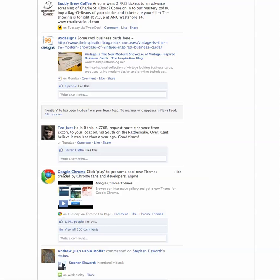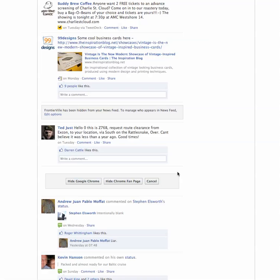And then also I've got one from Google Chrome here. Now I'm happy to be their fan but I don't want to receive their notifications all the time, so I'm going to hide their fan page too.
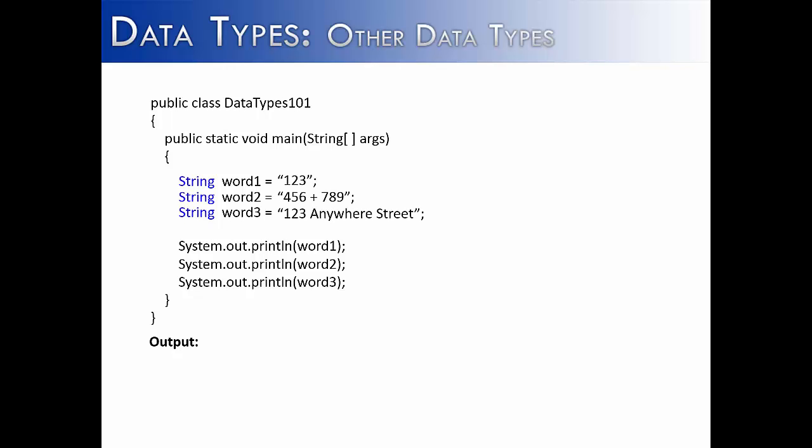As was said earlier, characters do not have to be just alpha characters. They can be any kind of symbol that you could imagine. In these examples, I've used numeric characters and stored them as strings. Our first example, word one, is just going to print out one, two, three. Our second example is not going to add them together, but it's just going to literally print what is inside of the double quotes: four, five, six, space, plus, space, seven, eight, nine. And then on the last example, I've added together both numeric characters and alpha characters to form something that looks like an address, one, two, three, anywhere street.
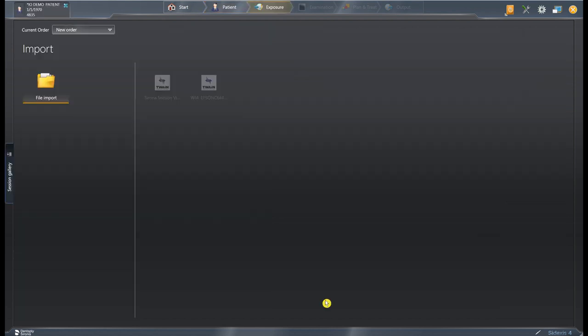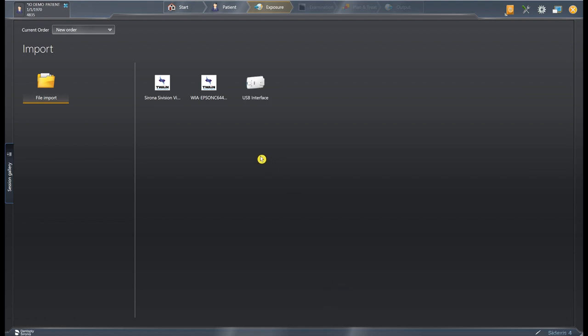So as you can see on our exposure screen right now it doesn't really have anything for us to select, so I'm actually going to plug a Schick sensor into my computer. That gives us not only the option to select the USB interface but now it gives us the option to select our Schick 33 sensor.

^^^^^^^^^^^^^^^^

BRIEF →
With the images omitted, repeat all the data word for word.

SOLUTION BELOW →
And then also I've got one from Google Chrome here. Now I'm happy to be their fan but I don't want to receive their notifications all the time, so I'm going to hide their fan page too.
As was said earlier, characters do not have to be just alpha characters. They can be any kind of symbol that you could imagine. In these examples, I've used numeric characters and stored them as strings. Our first example, word one, is just going to print out one, two, three. Our second example is not going to add them together, but it's just going to literally print what is inside of the double quotes: four, five, six, space, plus, space, seven, eight, nine. And then on the last example, I've added together both numeric characters and alpha characters to form something that looks like an address, one, two, three, anywhere street.
So as you can see on our exposure screen right now it doesn't really have anything for us to select, so I'm actually going to plug a Schick sensor into my computer. That gives us not only the option to select the USB interface but now it gives us the option to select our Schick 33 sensor.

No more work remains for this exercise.